Szydłowski’s book reminds me that Poland is a small country, in the sense that citizens who travel in elite circles know each other, or know of each other. A person raised in a family like Szydłowski’s rubbed shoulders with famous actors, writers, and politicians. Simultaneously, World War II lurks on the edges, and at times overtakes Szydłowski’s narrative, as for example when he describes the explosions at the Tarnów train station, an act of German sabotage that happened on August 23, 1939, a week before the official invasion of Poland began.

The book is interesting for its intimate portrait of everyday life before, during, and immediately after World War II, but it does so from the particular lens of the moment in which it was written: 1982, when Poland was under martial law following the suppression of the Solidarity Movement that had sought to reform the state socialist system. Szydłowski was 63 years old and looking back on his life as he approached retirement. That time and place might explain the glaring absences in his otherwise vivid, detailed, and immediate recollections.

Born Roman Szancer in 1918, the author grew up in comfort in a large apartment at the center of Tarnów. His family owned an enormous mill which his great grandfather established in the early 1800s. It is notable how little Judaism figured in his early life story—it was a factor but hardly a defining one. His first recollection of anti-Jewish sentiment involved one of his classmates who called him “you Jew” in a way that sounded like a slur. Roman couldn’t understanding why being Jewish would be an insult, but he replied in kind, “you Catholic.” When their teacher found out, he made them stop, threatening them with corporal punishment. Later, Roman and the other boy became good friends.

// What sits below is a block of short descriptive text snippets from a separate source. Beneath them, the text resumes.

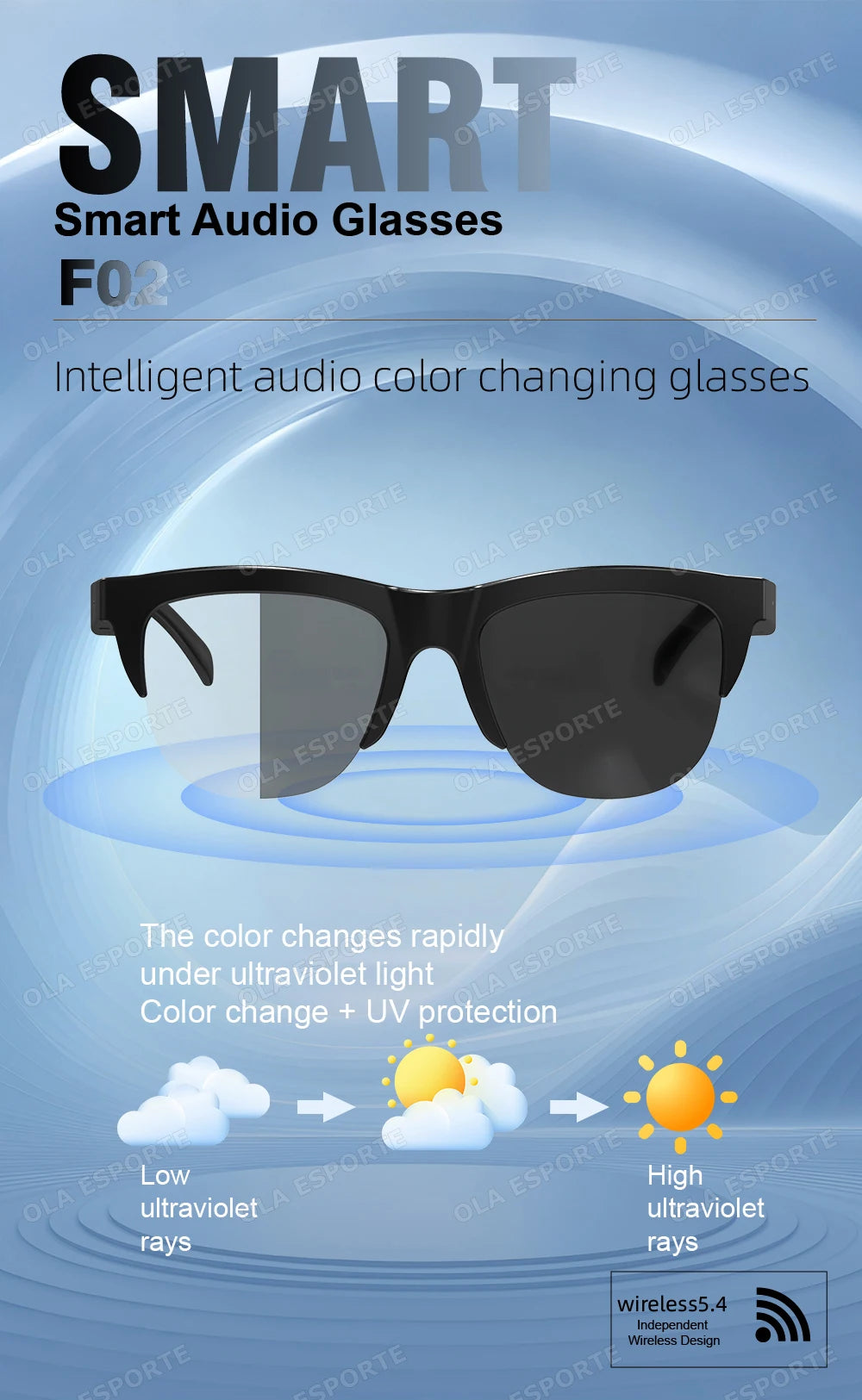 2025 Photosensitive Color Change Smart Glasses Bluetooth Voice Calls Control Music UV Polarized Sunglasses Headphone Glasses Man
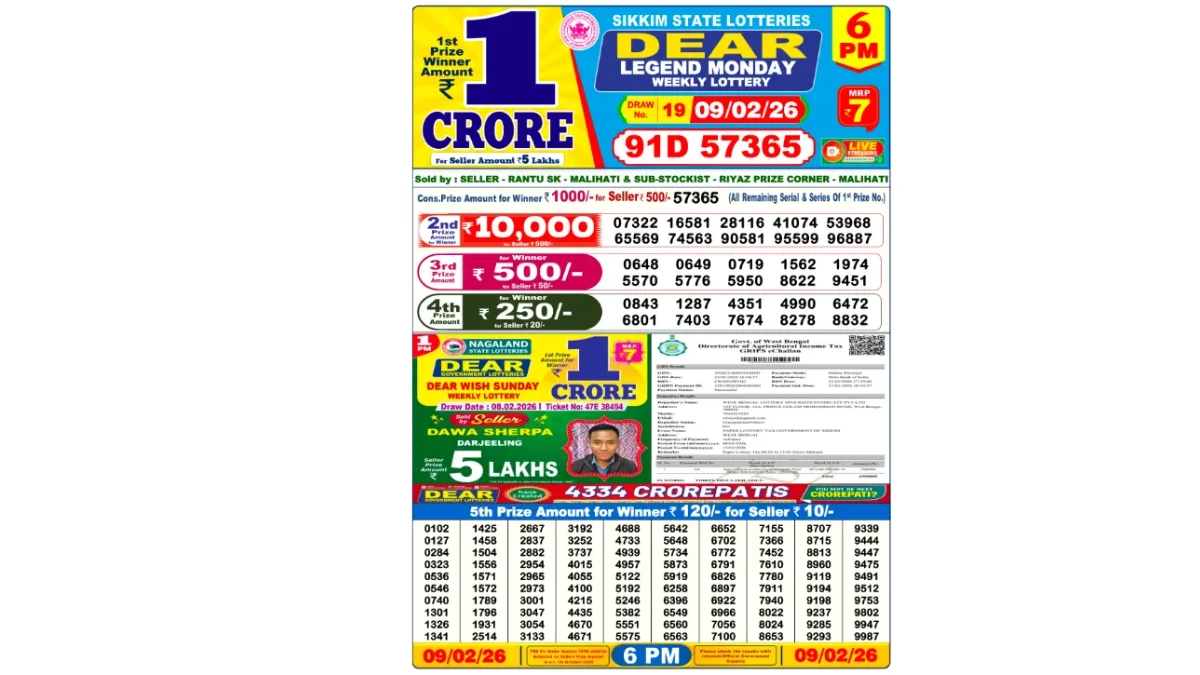 Nagaland Dear Lottery Result Today 09/02/2026 6 PM OUT: Check all Dear Legend Day Monday Winning Numbers Here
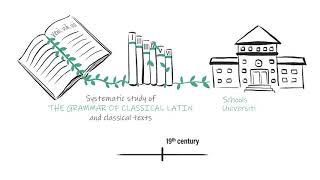 Learning Theories  الحصة1 شرح مبسط لنظريات التعلم بالدارجة والإنجليزية [upl. by Kihtrak935]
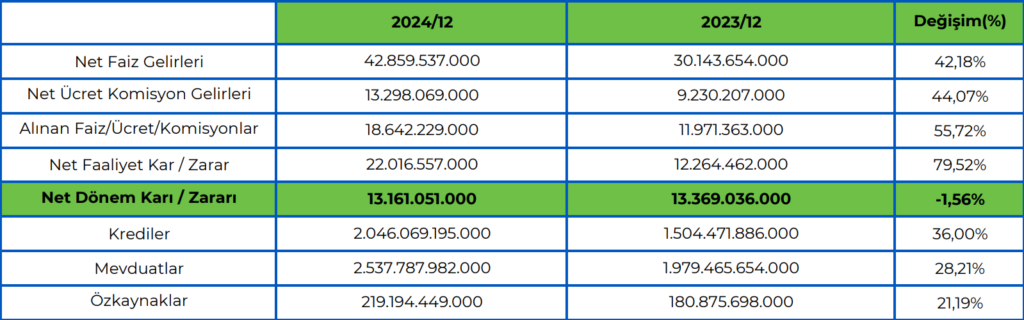 Vakıfbank (VAKBN) 2024 4. çeyrek bilanço yorumu HABERLER, Bilanço Haberleri, Gündemdekiler, Şirket Haberleri Rota Borsa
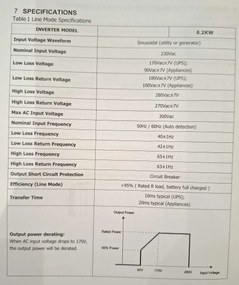 Υβριδικό Inverter καθαρού ημιτόνου - 5 KW - 819416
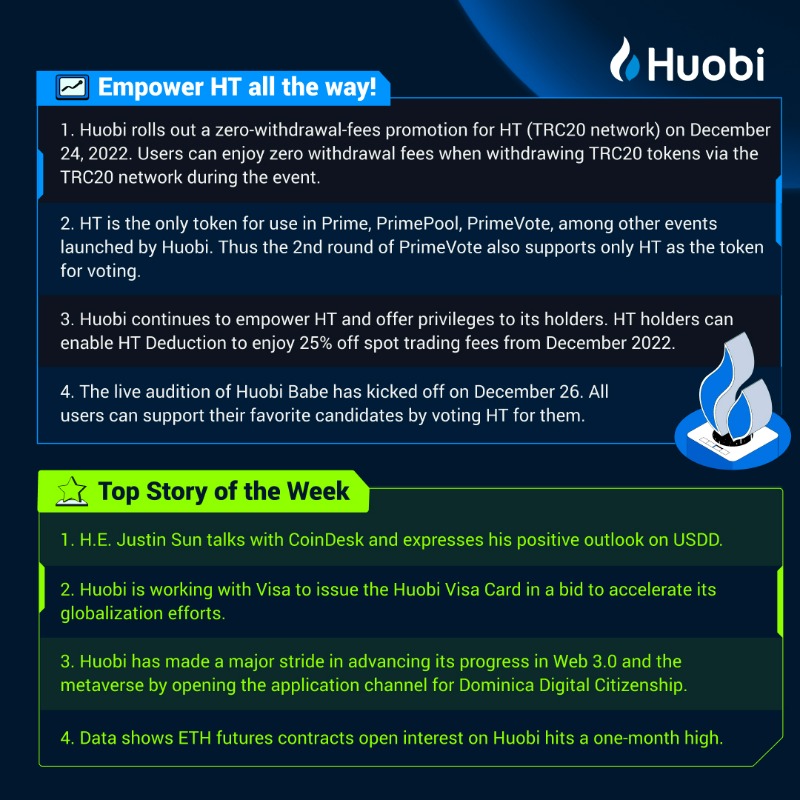 HTX_Global's tweet photo. ๐ฅ $HT Weekly Report:
๐น266,000 HT Burned
๐น9.43% HT Week's Gain
๐น25% Saved By HT Deduction
#EmpowerHT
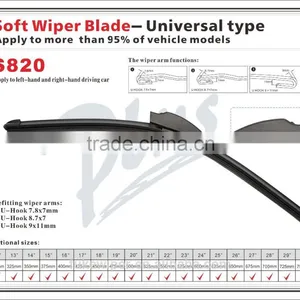 Universal Soft Wiper Blade S820 From 12'' to 30''/Popular Wiper Blade in Turkey thumbnail-2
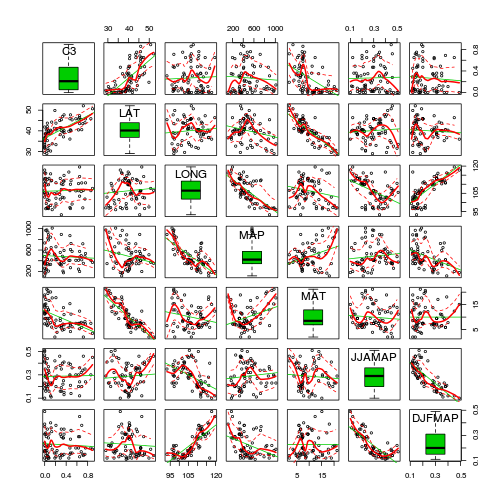 plot of chunk unnamed-chunk-9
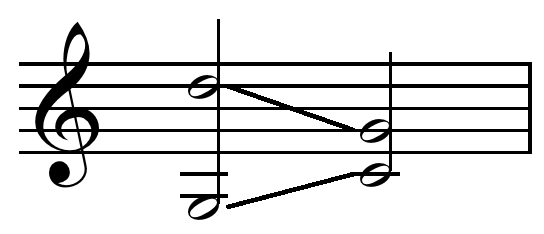 File:Parallel fifths on C by contrary motion.png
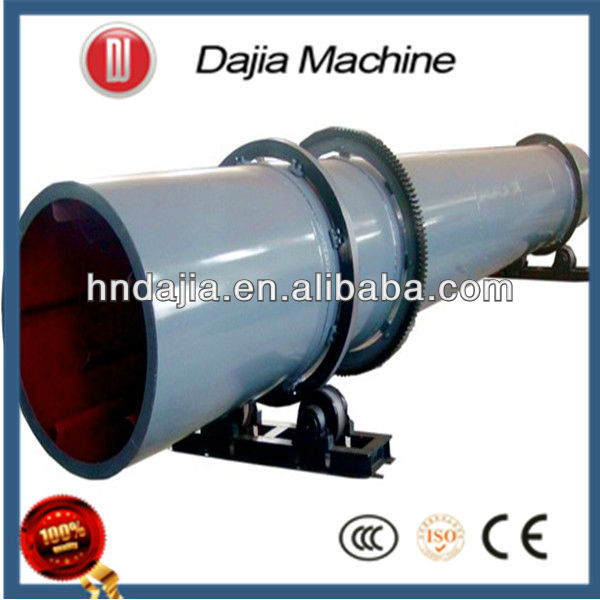 Energy Saving Biomass Rotary Dryer Manufacturer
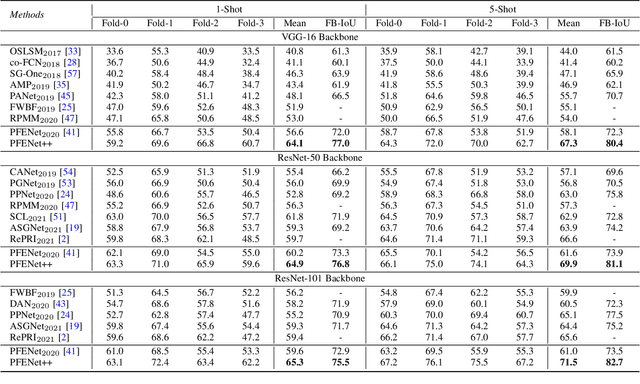 Figure 2 for PFENet++: Boosting Few-shot Semantic Segmentation with the Noise-filtered Context-aware Prior Mask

The Szancer family took pride in their unaccented Polish and their assimilation, not only into Polish culture, but also into elite European culture more broadly. As a child, Roman visited relatives in Germany and Austria. His grandmother, a cousin of Austrian philosopher Martin Buber, was the only one in the family who spoke Polish with a strong accent; they had to talk to her in German.

Roman portrays himself as a proud defender of Poland. About the rise of Hitler in Germany, he writes “We feared for the future of Poland, though none of us anticipated that our country, which we considered stable, would soon be pillaged by the Third Reich” (p. 60-1). Szydłowski mentions just a few instances when his early life was touched by prejudice. The first girl he fell in love with was Catholic, and “there were those who couldn’t reconcile with the fact that ‘that Jew goes out with such a pretty Polish girl’,” so they spread rumors that broke them up (p. 74). A few years later at the Jagiellonian University, Jews were separated from the Catholic students and confined to the so-called “ghetto benches.” This didn’t affect Roman directly because he had what people called “a good look.” In other words, he didn’t have the stereotypical features or mannerisms associated with Jews and so could sit wherever he wanted. He makes a point of saying that only the leftist students objected to the “Aryan paragraph” restricting Jews from student organizations; the majority of the student body voted in favor of the restrictions.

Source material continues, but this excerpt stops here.